[Exercise directions]: Retype the following data exactly, but leave its pictures out.

[Collected data]:
──────────────────────────────
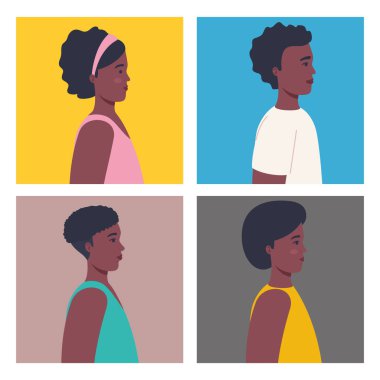 Afrikalı gençlerin profil fotoğraflarını ayarla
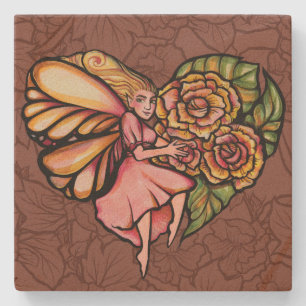 Älvor av blommor från Flower Fairy Garden Heart Fl Stenunderlägg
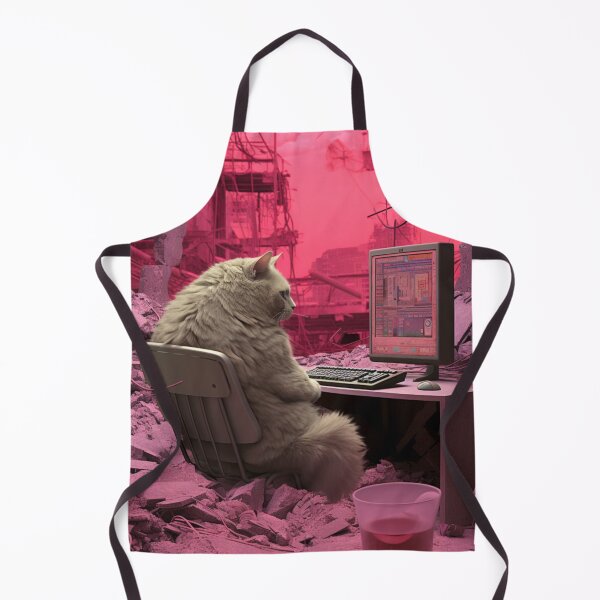 Item preview, Collage Style with neon lights and Fluffy Cat and Retro Computer designed and sold by tigger shop.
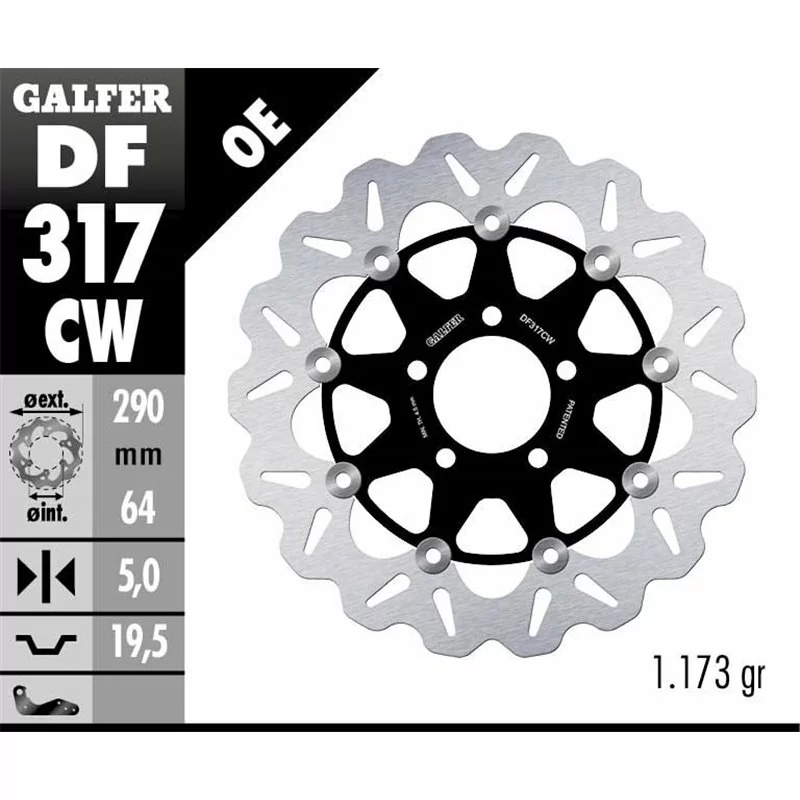 Galfer DF317CW Disco de Freno Wave Flotante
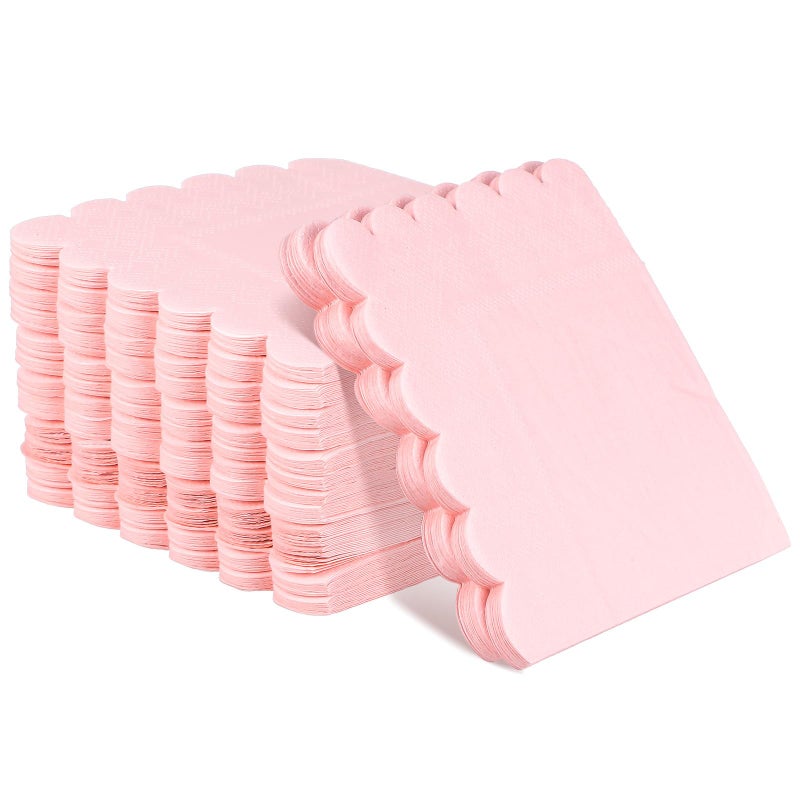 مناديل ورقية وردية مموجة للاستخدام لمرة واحدة 150 ورقة لحفلات الزفاف وأعياد الميلاد والعشاء - Image 2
──────────────────────────────
[Response]:
 Afrikalı gençlerin profil fotoğraflarını ayarla
 Älvor av blommor från Flower Fairy Garden Heart Fl Stenunderlägg
 Item preview, Collage Style with neon lights and Fluffy Cat and Retro Computer designed and sold by tigger shop.
 Galfer DF317CW Disco de Freno Wave Flotante
 مناديل ورقية وردية مموجة للاستخدام لمرة واحدة 150 ورقة لحفلات الزفاف وأعياد الميلاد والعشاء - Image 2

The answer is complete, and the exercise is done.